__Try it__. Write out the data that follows exactly, keeping every picture out.

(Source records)
● ● ● ● ● ● ●
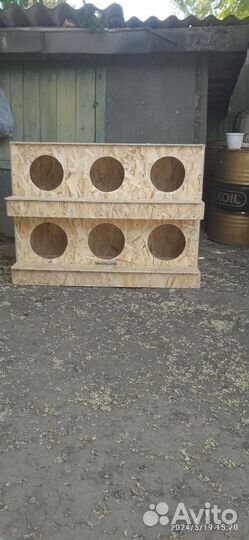 Куриные гнезда с яйцесборником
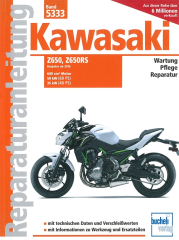 Kawasaki Z650 & Z650 RS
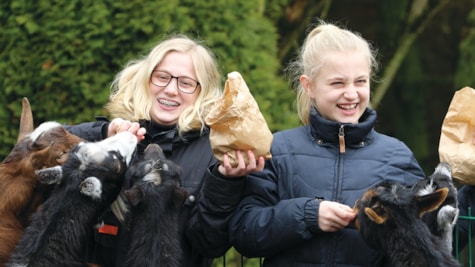 To piger har det sjovt med at fodre de evigt sulte geder i Skærup Zoo.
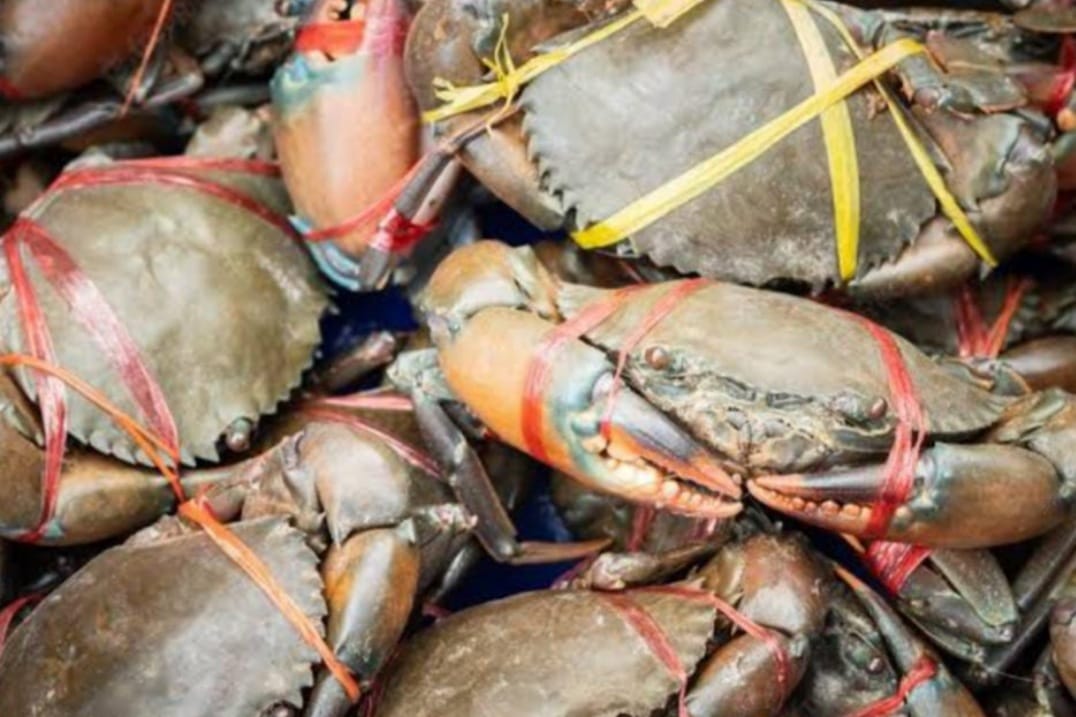 5 Kandungan Gizi Yang Harus Anda Ketahui Dalam Mengkonsumsi Kepiting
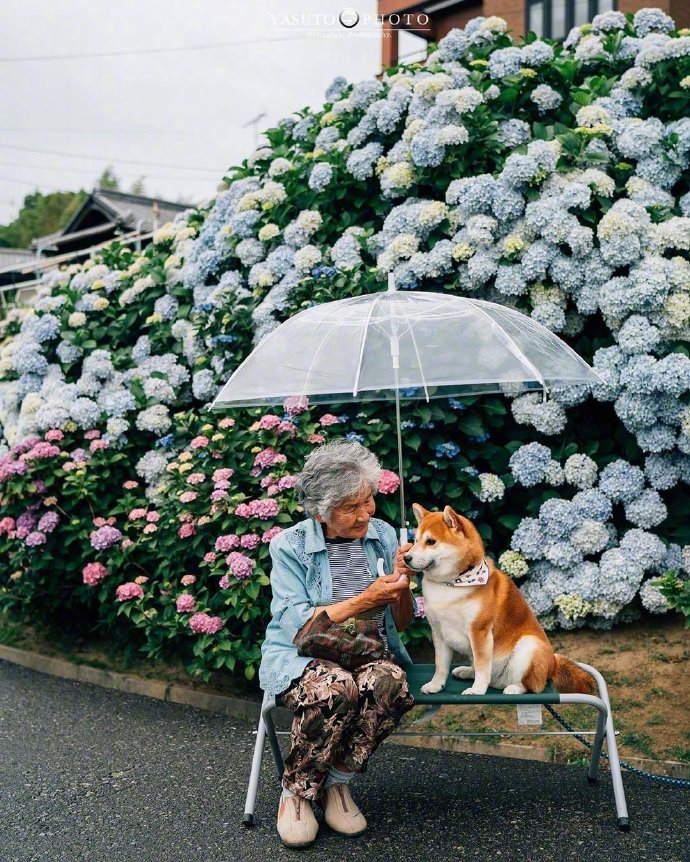 奶奶和柴犬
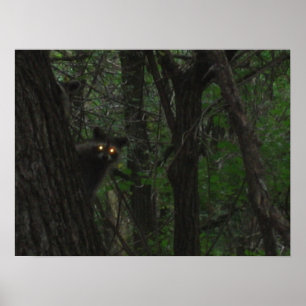 Poster Yeux nocturnes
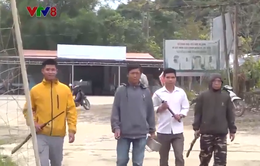 Người dân vùng cao Quảng Nam tự nguyện giao nộp vũ khí, vật liệu nổ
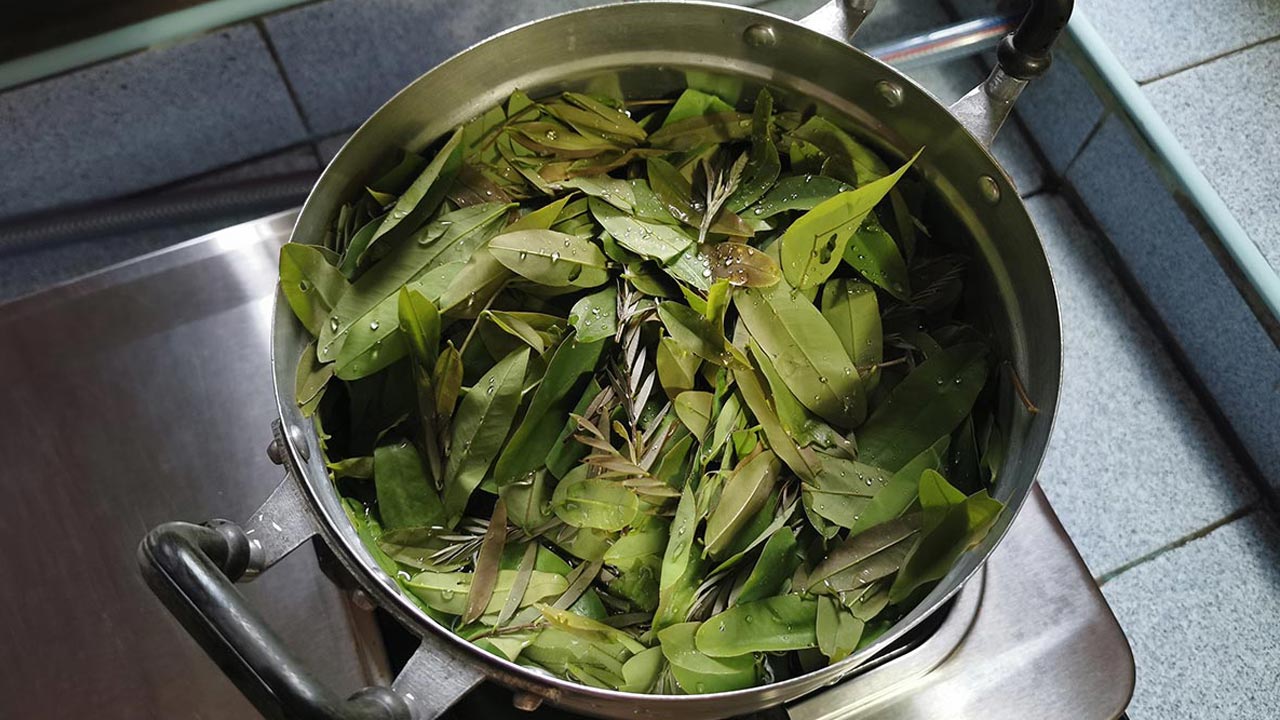 ใบขี้เหล็ก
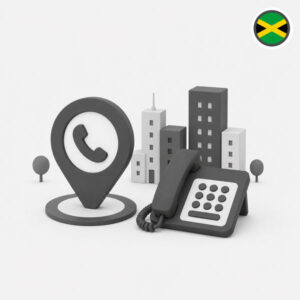 Virtual number Jamaica Kingston: 1-876
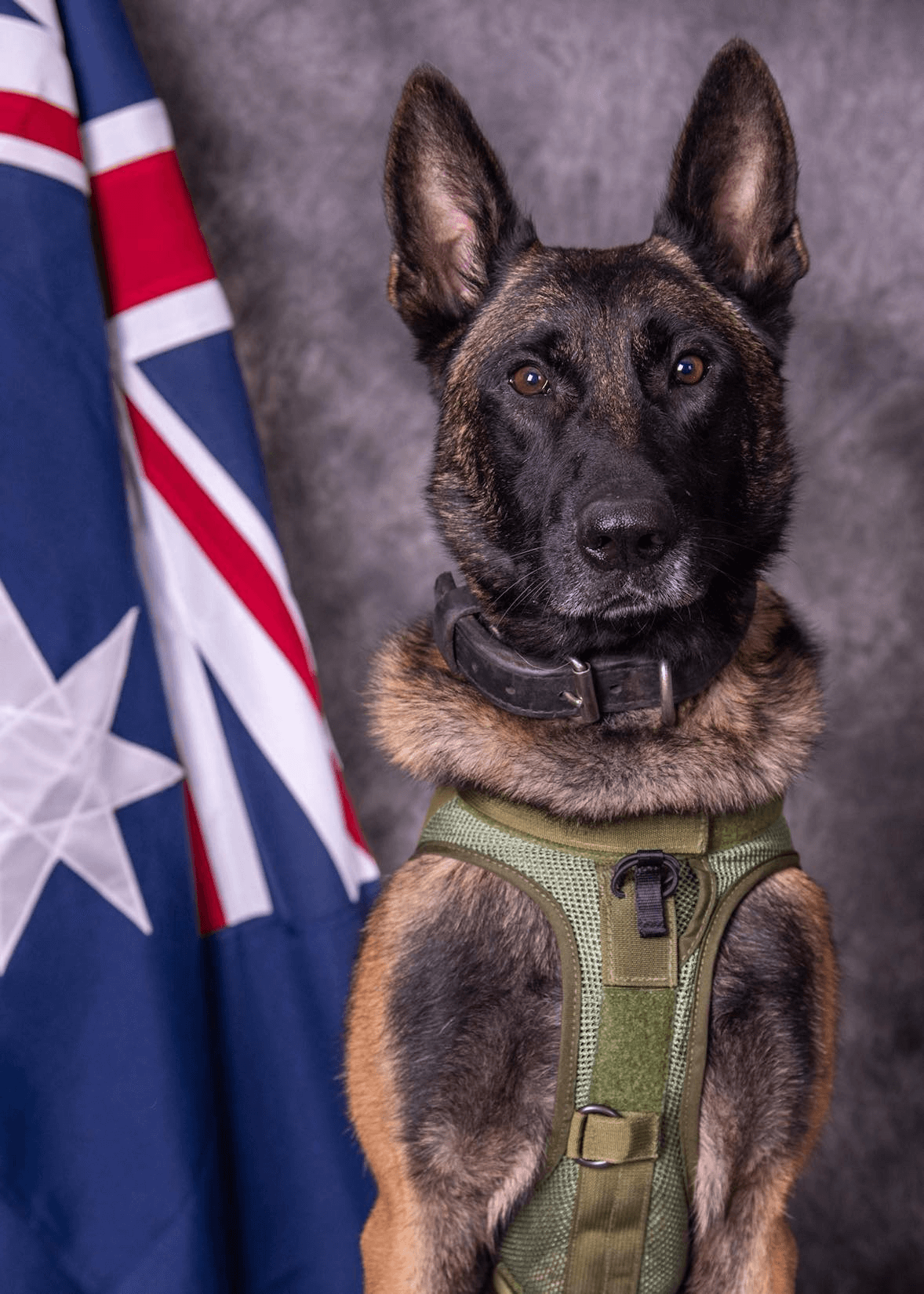 The Commando Welfare Trust has started a program for finding homes for retired military dogs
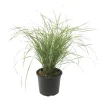 Bont struisriet - Calamagrostis acutiflora 'Overdam' - Hoogte 20-30cm - ⌀23cm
● ● ● ● ● ● ●
__Result of the exercise__.
 Куриные гнезда с яйцесборником
 Kawasaki Z650 & Z650 RS
 To piger har det sjovt med at fodre de evigt sulte geder i Skærup Zoo.
 5 Kandungan Gizi Yang Harus Anda Ketahui Dalam Mengkonsumsi Kepiting
 奶奶和柴犬
 Poster Yeux nocturnes
 Người dân vùng cao Quảng Nam tự nguyện giao nộp vũ khí, vật liệu nổ
 ใบขี้เหล็ก
 Virtual number Jamaica Kingston: 1-876
 The Commando Welfare Trust has started a program for finding homes for retired military dogs
 Bont struisriet - Calamagrostis acutiflora 'Overdam' - Hoogte 20-30cm - ⌀23cm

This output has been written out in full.